### WORK REQUIRED
With all images omitted, write out the records word for word.

Web page caption snippets:
----

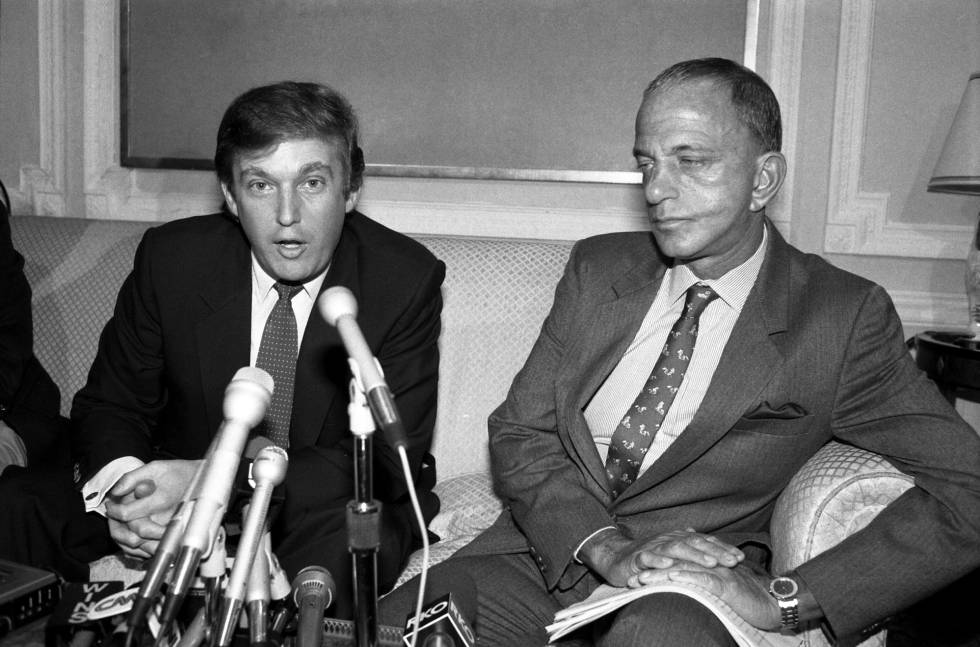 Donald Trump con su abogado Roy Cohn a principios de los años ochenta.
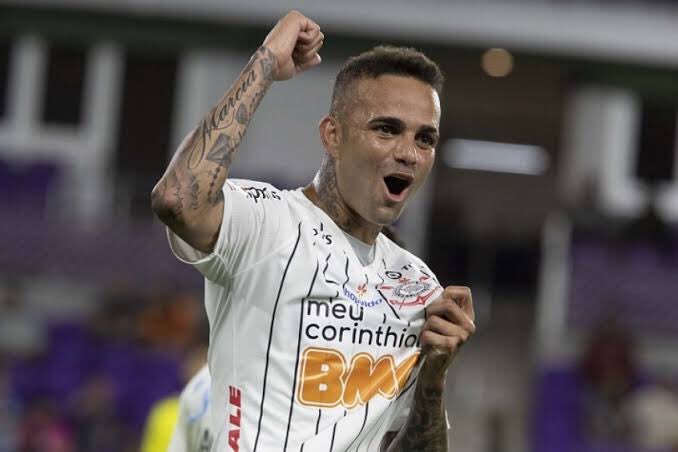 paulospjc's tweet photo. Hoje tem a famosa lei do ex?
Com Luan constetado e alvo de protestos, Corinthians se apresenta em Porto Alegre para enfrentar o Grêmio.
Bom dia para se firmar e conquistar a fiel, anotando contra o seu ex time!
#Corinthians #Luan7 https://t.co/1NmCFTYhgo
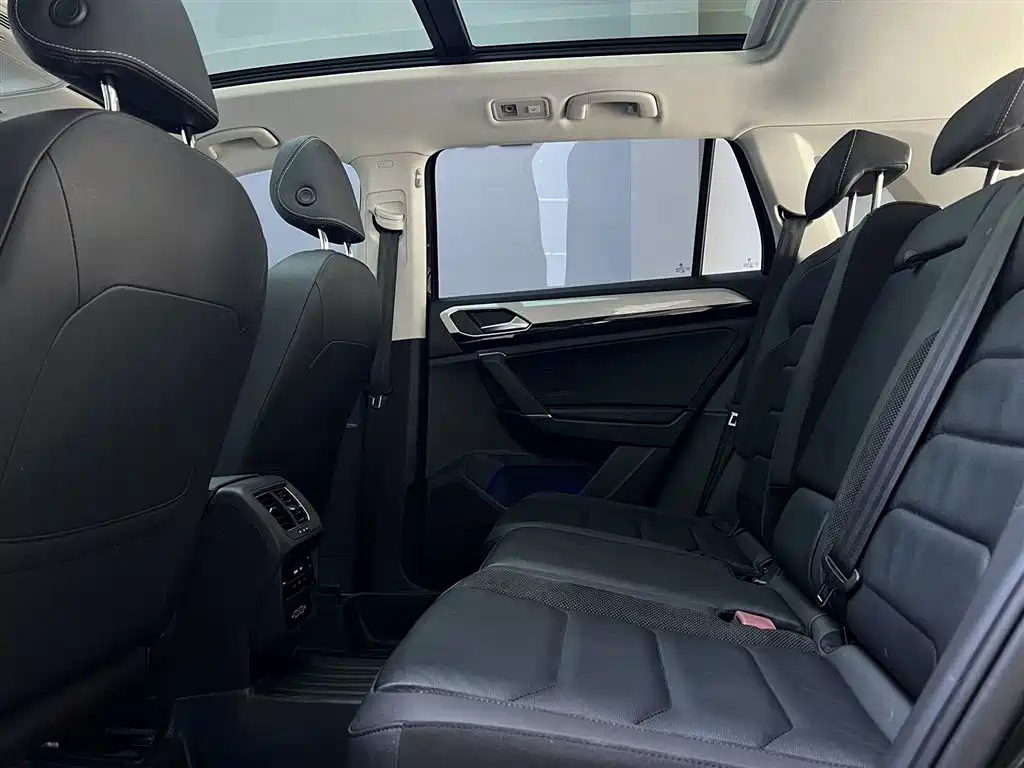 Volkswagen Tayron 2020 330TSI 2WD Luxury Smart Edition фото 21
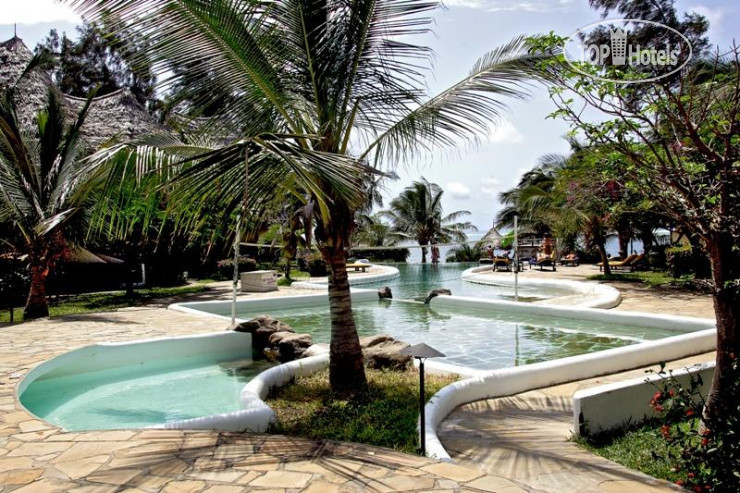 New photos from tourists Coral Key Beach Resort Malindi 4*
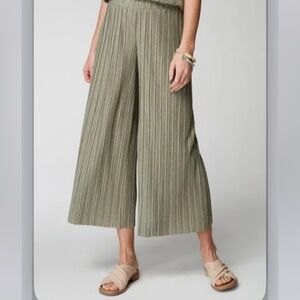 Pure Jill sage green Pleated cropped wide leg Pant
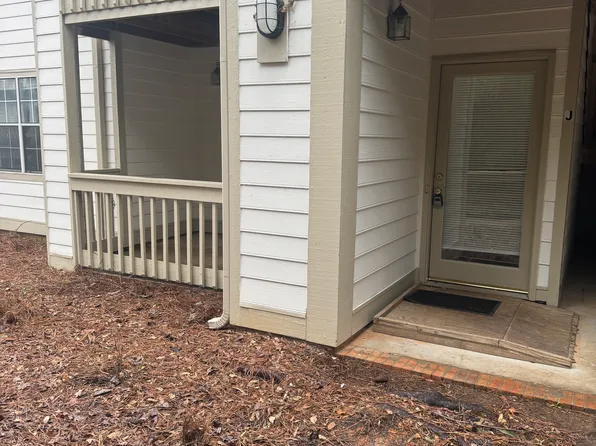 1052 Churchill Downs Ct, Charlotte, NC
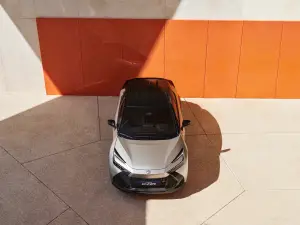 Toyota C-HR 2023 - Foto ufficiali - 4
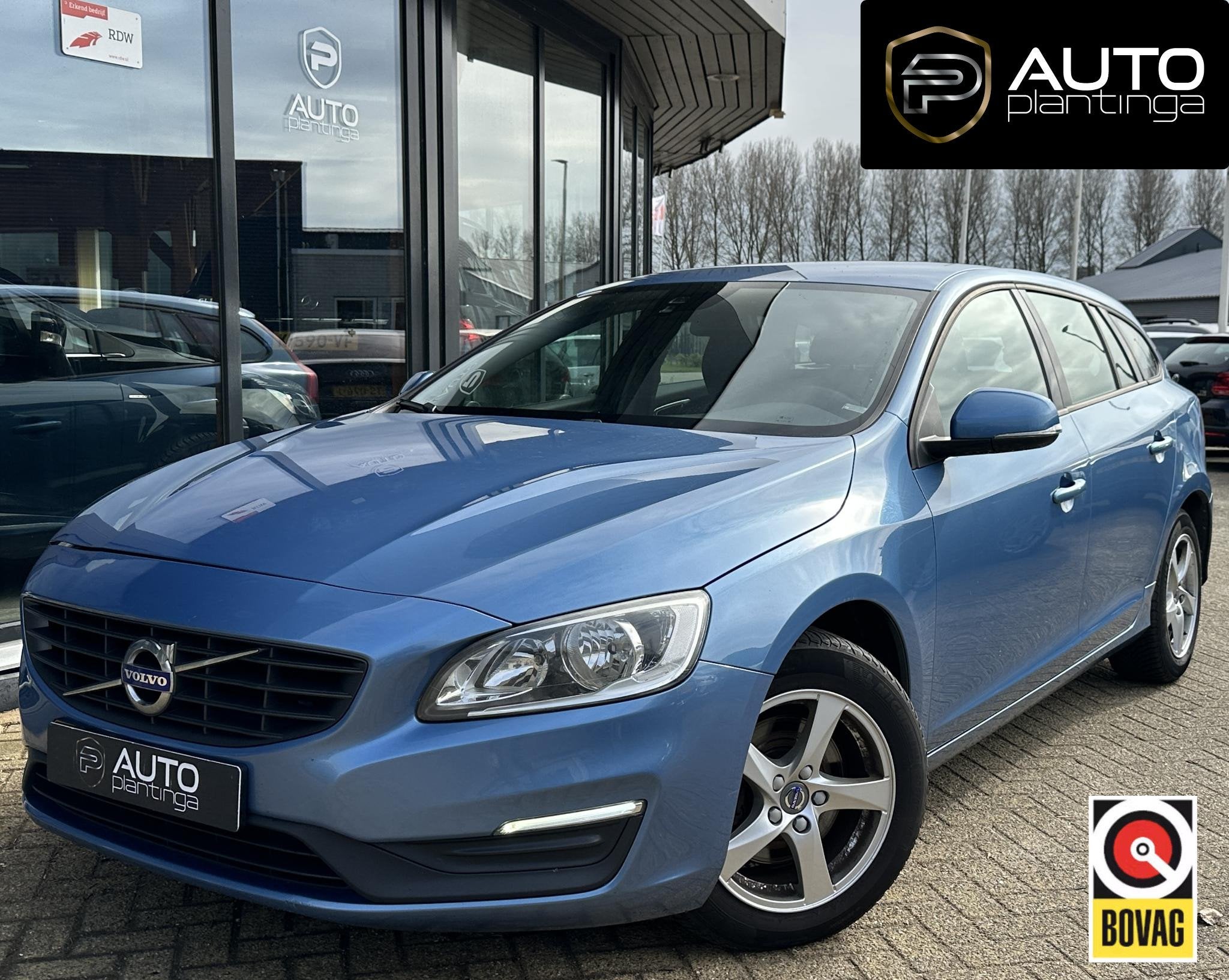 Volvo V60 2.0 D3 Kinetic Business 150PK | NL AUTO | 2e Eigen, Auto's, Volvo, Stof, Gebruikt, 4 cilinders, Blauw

----

### OUTPUT FOR THIS EXERCISE
 Donald Trump con su abogado Roy Cohn a principios de los años ochenta.
 paulospjc's tweet photo. Hoje tem a famosa lei do ex?
Com Luan constetado e alvo de protestos, Corinthians se apresenta em Porto Alegre para enfrentar o Grêmio.
Bom dia para se firmar e conquistar a fiel, anotando contra o seu ex time!
#Corinthians #Luan7 https://t.co/1NmCFTYhgo
 Volkswagen Tayron 2020 330TSI 2WD Luxury Smart Edition фото 21
 New photos from tourists Coral Key Beach Resort Malindi 4*
 Pure Jill sage green Pleated cropped wide leg Pant
 1052 Churchill Downs Ct, Charlotte, NC
 Toyota C-HR 2023 - Foto ufficiali - 4
 Volvo V60 2.0 D3 Kinetic Business 150PK | NL AUTO | 2e Eigen, Auto's, Volvo, Stof, Gebruikt, 4 cilinders, Blauw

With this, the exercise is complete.